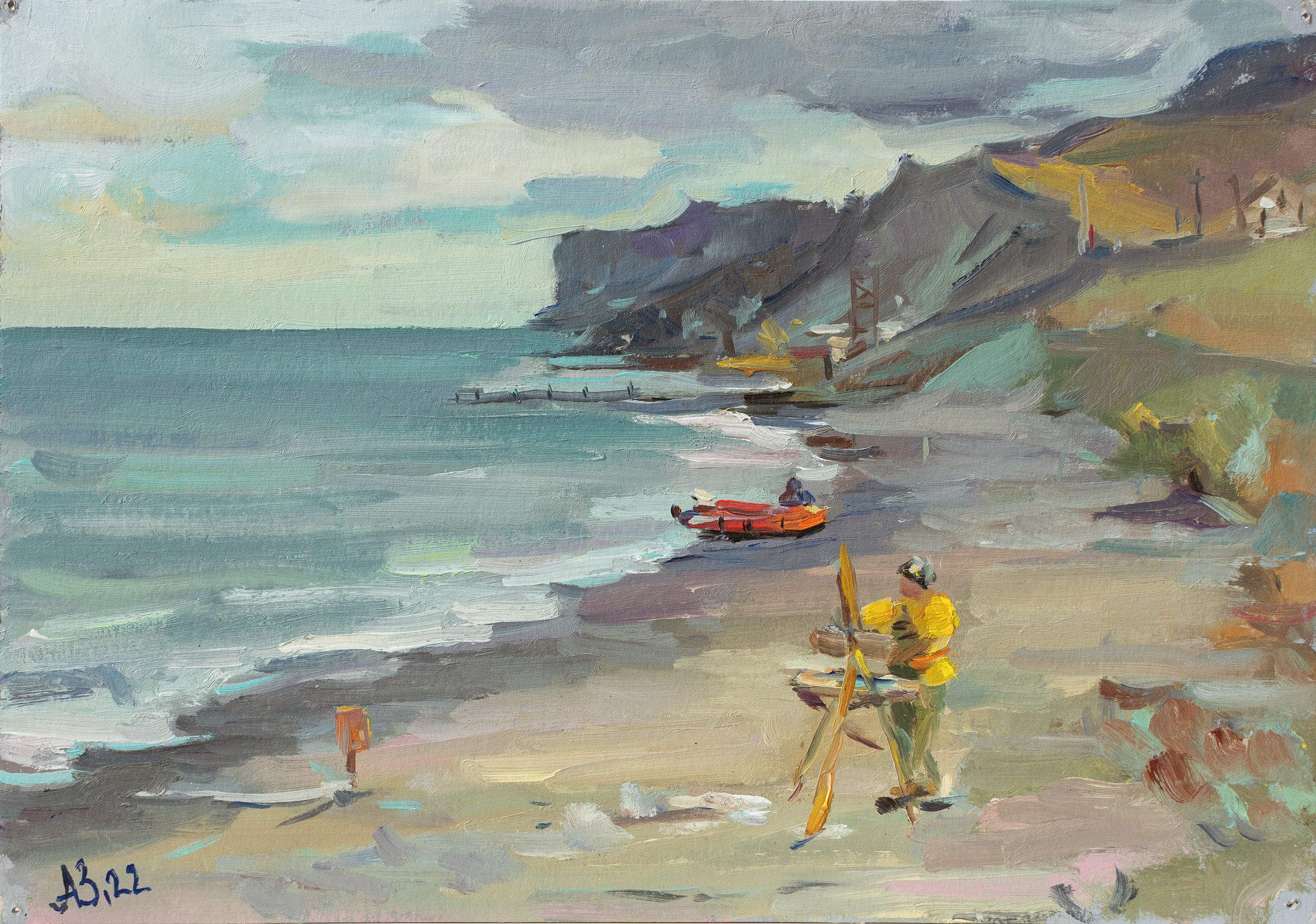 "Этюд. Художник на пленэре" картон, масло 21х29.5см, 2022г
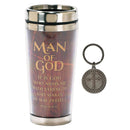 Dicksons Man of God, Woodgrain Look Insulated 16 Oz. Stainless Steel Travel Mug with Lid & Christian Cross Philippians 4:13 Metal Key Ring for Keychain, 2-Piece Set
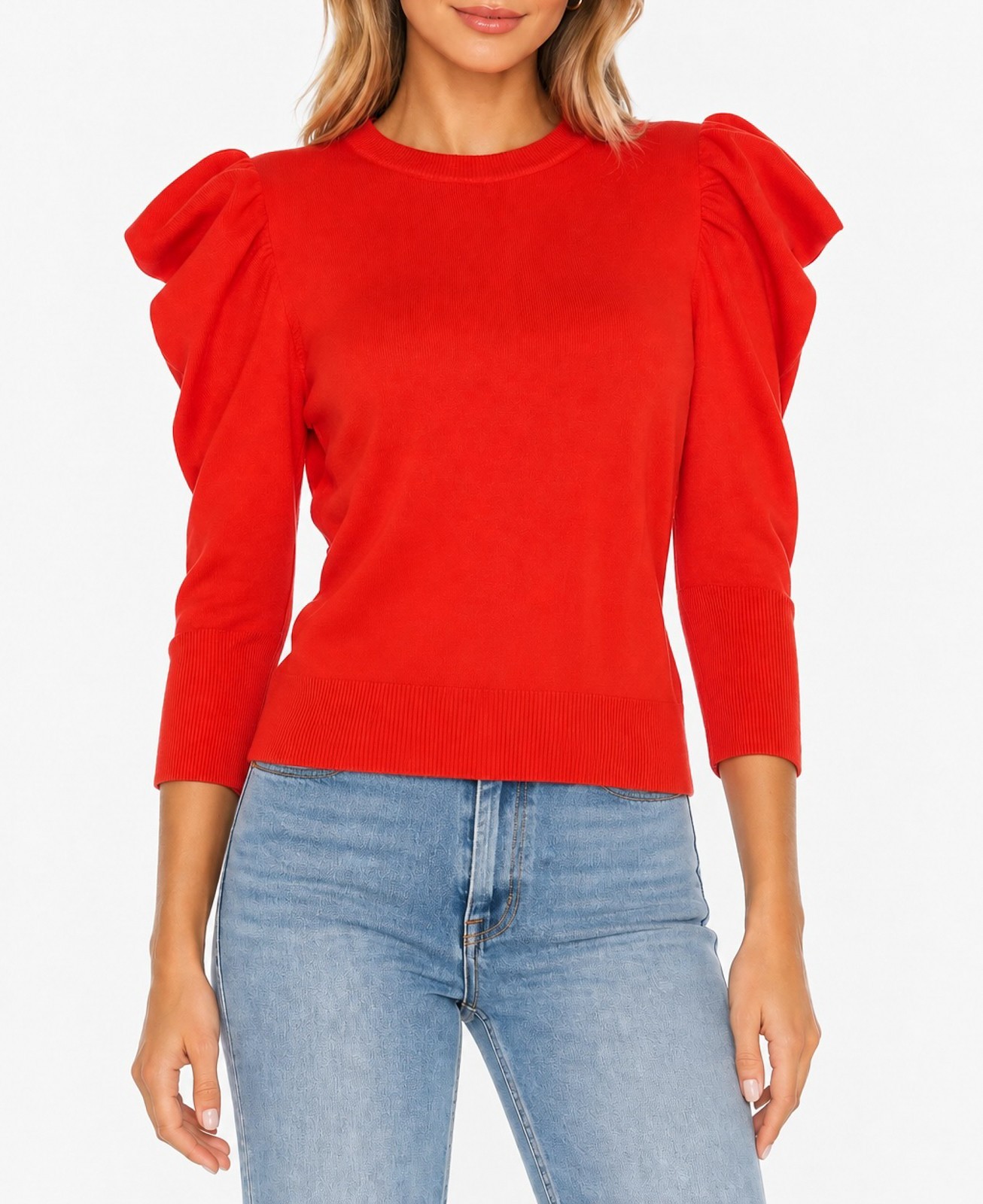 MISA Los Angeles Guthrie Red Puff Sleeve Sweater Top XS NWT $264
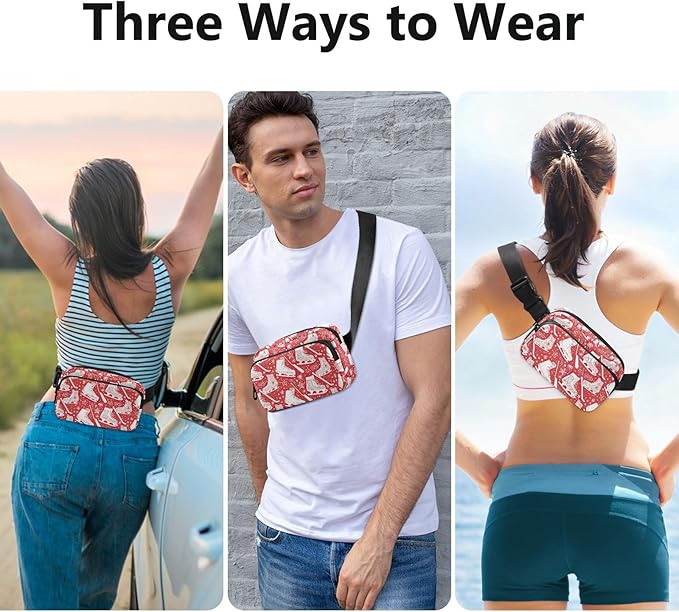 Ice Skates Fanny Pack for Women Men Water Resistant Fashion Waist Packs with Adjustable Strap Belt Bag for Travel Workout Jogging Hiking 21220340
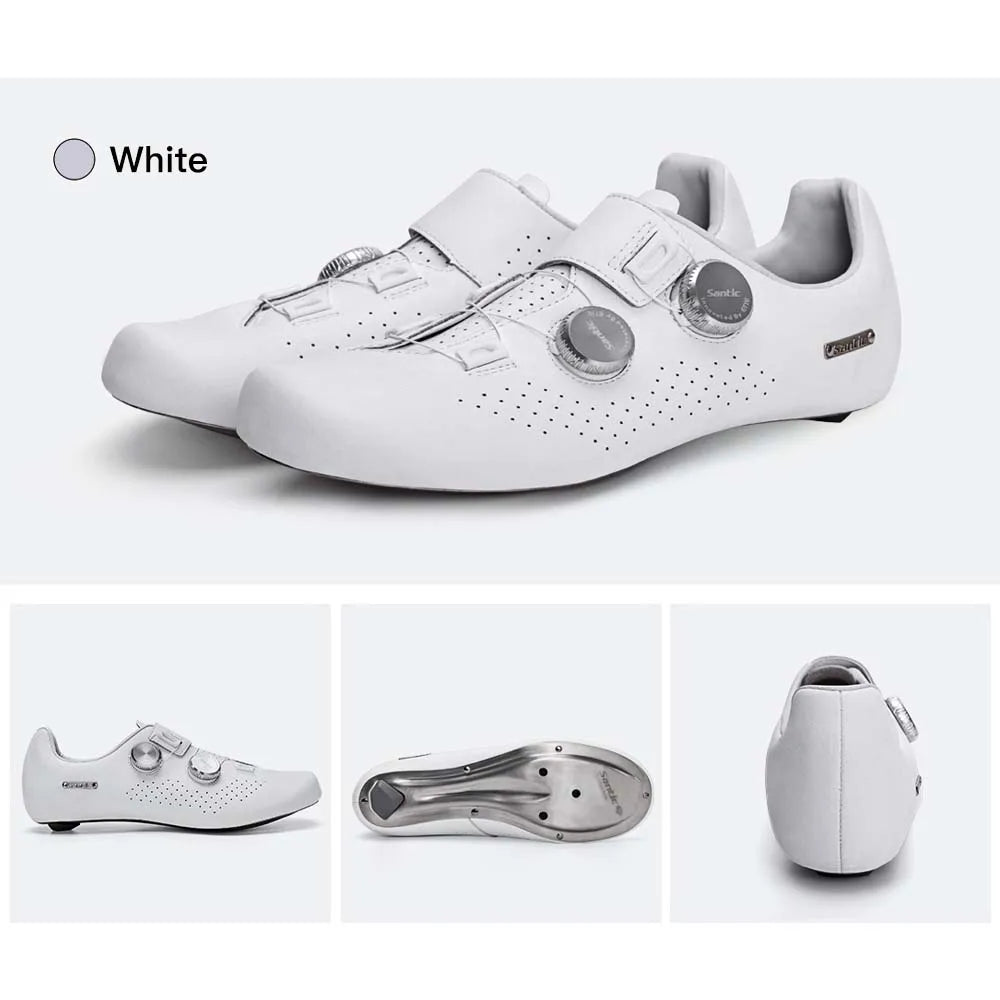 Santic Men's Cycling Shoes New Hardness16 Titanium Alloy Sole Auto-Lock Outdoor Bicycle Sneaker Adjustable Pro Road Racing Shoes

..............................

# WORK REQUEST
What lines above run from the one with "Dicksons Man of" to the one with "MISA Los Angeles"? Give them again exactly, ends included, and leave the pictures out.

# WRITTEN SOLUTION
 Dicksons Man of God, Woodgrain Look Insulated 16 Oz. Stainless Steel Travel Mug with Lid & Christian Cross Philippians 4:13 Metal Key Ring for Keychain, 2-Piece Set
 MISA Los Angeles Guthrie Red Puff Sleeve Sweater Top XS NWT $264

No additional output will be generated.